Egyptian soldiers clash with protesters
CAIRO — Soldiers stormed a protest camp outside Egypt’s Cabinet building, expelling demonstrators calling for an end to military rule, just as officials were counting votes today in the second round of Egypt’s parliamentary elections.
The clashes underlined simmering tensions between activists and security officers and threatened to ignite a new round of violence after a mostly peaceful vote Wednesday and Thursday in an election considered the freest and fairest vote in the country’s modern history.
Clashes erupted as demonstrators were camped out in front of the Cabinet building, demanding that the country’s military rulers transfer power immediately to a civilian authority. The sit-in was in its third week.
One activist posted a photo online of a female protester beaten in the clashes, and others said they were briefly detained by military police. It was unclear how many protesters remain in military police custody.
On his Twitter account, leading reform figure and Nobel Peace Prize winner Mohamed ElBaradei condemned the violence.
“If the sit-in broke the law, isn’t the cruelty and brutality used to break it up a greater violation of all human rights laws? This is not how nations are managed,” he wrote.
The military took over after longtime President Hosni Mubarak was ousted in a popular revolt in February.
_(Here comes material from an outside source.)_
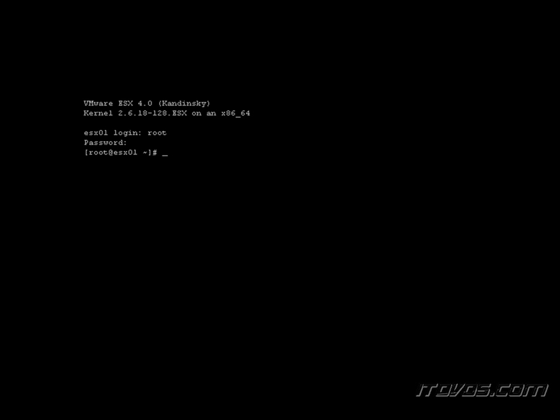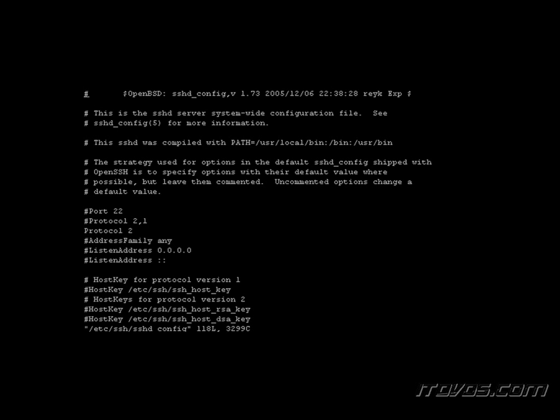And we're going to need to edit a text file. And that file is /etc/ssh/sshd_config. And we're going to use the VI program to edit it. Hit enter.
Rights groups and activists charge that the military is carrying on the practices of the old regime, including arresting and beating dissidents.
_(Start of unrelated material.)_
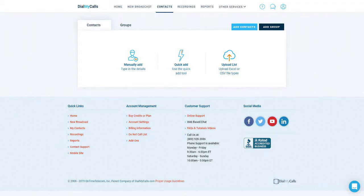Users have three options to choose from when it comes to adding contacts into Dial My Calls. The first option is to manually add individuals into an account. The second option allows users to copy and paste a list of 10 digit phone numbers. Keep in mind that you cannot add additional information to contacts such as name and email when using this option. The third option is the most popular and it is the upload option — upload an Excel file directly into Dial My Calls quickly and easily.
Protesters at the Cabinet building said the clashes began Thursday evening after soldiers severely beat a young man who was taking part in the sit-in.
Hundreds of people rushed to join the protest after online video and photos showed people carrying the wounded man. Witnesses accused military police of snatching the man from near the sit-in and beating him inside parliament, near Cabinet headquarters. Then protesters threw rocks and firebombs at military police.
Activist Hussein Hammouda said the military responded by throwing rocks, pieces of glass and aiming water cannons from inside the gates of the nearby parliament building.
“Tensions between the people and security officers is so enflamed that anything that happens just blows up,” said Hammouda, who resigned from the police in 2005.
Egypt’s state news agency said at least four wounded people were taken to a nearby hospital and that a fire had broken out in a government building.